Monday, February 4, 2008

on infidelity

i'm telling you because, well, i knew you would find out somehow. so i thought it would be better if you heard it directly from me.

i....

i started a blog on myspace
. sigh. i know. yes. the one with the goth highschool kids and the bands and the famously unworthy dane cooks. i know. i knew better.

it started out harmless enough. we just flirted. i got a page because all the other artists had them. but i didn't get involved. in fact, i really disliked it. repulsed by it even. i would actively ignore it.

but then, something happened. i started getting friend requests from people who were not trying to sell me get-rich-quick schemes. i started making connections with people. like my cousin. and started learning strange tidbits of information about people i only kinda sorta knew. and then it went outta control.

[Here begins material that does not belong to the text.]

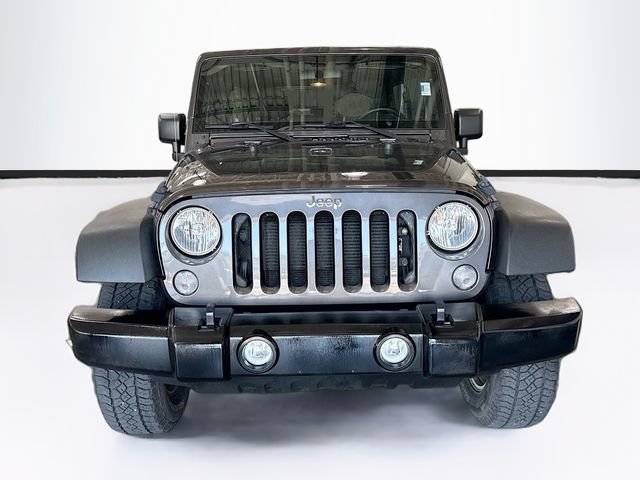 Used 2018 Jeep Wrangler Unlimited Sport AWD/4WD image 3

it made me feel like i knew these people. like they could know me. like somehow seeing scrolling slide shows of their weddings and their kittens and their strange antics that involved gum, magnets, and a pineapple... it was like i knew their kittens and their husbands and their gum, magnets, and pineapples.

and then, it happened. i posted a blog. and i knew that was the beginning.

but myspace means nothing to me, nothing! it's nothing like i have with you. i don't tell it my secrets. we don't have a...history. it is only words! mindless, meaningless words!

how was it?

it's, um... different.

i guess i wanted to feel younger. like i still had it. like i could talk like the cool kids and the hipsters. you know, use emoticons and only spell out every other word. i still don't like it very much. and it's not because you're not meeting my needs. i probably won't be blogging there much longer. you know, once the novelty runs out.

but still, i thought i'd ask. can we have an open blogging relationship?